Sara Dhada – loud, pretty, Asian and useless, international car trader Sara is a bargain bucket Ghazal – last year’s Afghan hound looking Scottish piece of pie. Destined for a humiliating mid-season exit is my guess.

Lucinda Ledgerwood – risk manager Lucinda is a keen aromatherapist, harpist and scuba diver. She’s got way too much hippy in her to impress Sugarlump you feel and those big cow eyes swivelling around are just going to freak everyone out. Has already pissed off the Chin Beast with some nonsense on the phone. Should be entertaining.

“Jennifer’s qualifications include an Irish leaving certificate. And by include I mean ‘comprise solely of’.”

Jennifer Maguire – loudmouth jackeen marketing consultant. Jennifer’s qualifications include an Irish leaving certificate. And by include I mean “comprise solely of”. You can see they certainly scoured the country to pluck out this little gem.

“To be young, gifted and black – that’s where it’s at. To be deluded, Brummie and dyslexic on the other hand is where Lindi is at.”

Lee McQueen – the Recruitment Sales Manager from Buckinghamshire has already set his stall out with the most meaningless platitude of the series so far. “If you missed something in the earlier part of your life, you’ll find it again before your time is up.” Really? I missed the Watergate scandal. Are they going to rerun that for me you fucking cunt?

Lindi Mngaza – to be young, gifted and black – that’s where it’s at. To be deluded, Brummie and dyslexic on the other hand is where Lindi is at. A background in drama and the performing arts suggests she’d like to use this show as a springboard for something other than being Sir Alan’s bitch. The nerve.

“Kevin is an ultracompetitive bank manager and his glittering career has in just eight years seen him catapulted from a small branch of Nat West to a slightly larger one.”

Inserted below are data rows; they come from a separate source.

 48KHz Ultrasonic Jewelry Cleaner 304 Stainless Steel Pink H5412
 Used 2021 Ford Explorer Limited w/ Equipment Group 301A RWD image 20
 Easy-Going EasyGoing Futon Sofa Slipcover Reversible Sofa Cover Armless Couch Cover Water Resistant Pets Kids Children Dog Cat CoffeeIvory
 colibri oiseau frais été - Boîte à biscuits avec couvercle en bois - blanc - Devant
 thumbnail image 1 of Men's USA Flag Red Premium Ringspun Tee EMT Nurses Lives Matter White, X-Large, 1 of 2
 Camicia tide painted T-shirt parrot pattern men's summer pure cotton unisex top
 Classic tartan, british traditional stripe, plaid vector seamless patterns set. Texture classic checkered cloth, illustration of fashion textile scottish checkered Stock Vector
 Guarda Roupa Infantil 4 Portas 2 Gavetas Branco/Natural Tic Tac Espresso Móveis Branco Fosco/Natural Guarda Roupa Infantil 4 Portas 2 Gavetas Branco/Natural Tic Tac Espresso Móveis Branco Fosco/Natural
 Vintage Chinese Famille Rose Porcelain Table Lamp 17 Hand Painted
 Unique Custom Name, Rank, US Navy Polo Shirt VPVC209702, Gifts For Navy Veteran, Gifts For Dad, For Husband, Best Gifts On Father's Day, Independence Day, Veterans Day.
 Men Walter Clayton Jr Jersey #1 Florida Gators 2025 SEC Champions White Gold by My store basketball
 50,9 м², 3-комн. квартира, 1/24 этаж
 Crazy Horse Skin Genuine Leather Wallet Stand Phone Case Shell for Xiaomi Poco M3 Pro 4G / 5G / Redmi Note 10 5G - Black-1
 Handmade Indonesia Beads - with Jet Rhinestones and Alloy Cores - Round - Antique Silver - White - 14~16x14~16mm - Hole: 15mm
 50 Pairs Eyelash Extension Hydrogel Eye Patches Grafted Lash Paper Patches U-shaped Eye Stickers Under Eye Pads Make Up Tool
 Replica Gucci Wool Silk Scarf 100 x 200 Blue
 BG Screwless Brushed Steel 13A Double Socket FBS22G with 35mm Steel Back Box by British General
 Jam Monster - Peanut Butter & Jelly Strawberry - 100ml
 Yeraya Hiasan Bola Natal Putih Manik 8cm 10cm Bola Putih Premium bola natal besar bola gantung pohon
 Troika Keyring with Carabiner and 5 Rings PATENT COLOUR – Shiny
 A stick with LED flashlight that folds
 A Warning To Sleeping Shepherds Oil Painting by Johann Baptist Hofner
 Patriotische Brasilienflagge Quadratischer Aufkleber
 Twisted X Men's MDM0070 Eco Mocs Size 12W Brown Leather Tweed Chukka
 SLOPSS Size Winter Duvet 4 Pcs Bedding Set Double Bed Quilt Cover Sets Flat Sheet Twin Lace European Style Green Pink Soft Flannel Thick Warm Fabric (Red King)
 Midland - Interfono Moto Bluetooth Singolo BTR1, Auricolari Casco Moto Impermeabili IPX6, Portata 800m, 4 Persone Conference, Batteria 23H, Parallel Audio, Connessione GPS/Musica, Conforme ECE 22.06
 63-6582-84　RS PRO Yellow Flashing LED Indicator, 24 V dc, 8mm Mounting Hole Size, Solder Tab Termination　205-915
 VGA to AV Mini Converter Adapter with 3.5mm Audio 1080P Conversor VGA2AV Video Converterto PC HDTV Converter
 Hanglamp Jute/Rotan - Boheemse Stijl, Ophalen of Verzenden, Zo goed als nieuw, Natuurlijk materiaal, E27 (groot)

Kevin Shaw – bearing a striking resemblance to Dafydd, Little Britain’s only gay in the village, Kevin is an ultracompetitive bank manager and his glittering career has in just eight years seen him catapulted from a small branch of Nat West to a slightly larger one. Promises to take no prisoners in the boardroom and “nail anyone” who gets in his way. This I have to see.

Simon Smith – the satellite television engineer with a military background seems a nice guy so will doubtless spend his time being backstabbed, fucked over and then nailed in the boardroom by Dafydd. Shares in petroleum jelly have sky rocketed.

“You’re a Global Pricing Leader? You were in charge of global pricing for this task as the LEADER and you made a blaady mess”

Michael Sophocles – the Goebbels of the toff faction, classically educated Michael describes himself as unscrupulous in business. This is really stupid because we all know that when it gets to the interview stage when the final four are thrown to Sugarlump’s Rottweilers they always give the hardest time to the Gordon Gekko apeing maniacs. The boy needs to get schooled and, trust, he will be.

Helene Speight “people would say I have brass balls” says Helene intriguingly. Her job title is Global Pricing Leader so you just know that at some point in the boardroom. Sugarlump will be saying to her “you’re a Global Pricing Leader? You were in charge of global pricing for this task as the LEADER and you made a blaady mess. Do you fink I gonna have dat? Do you really fink I gonna have dat, you ponce?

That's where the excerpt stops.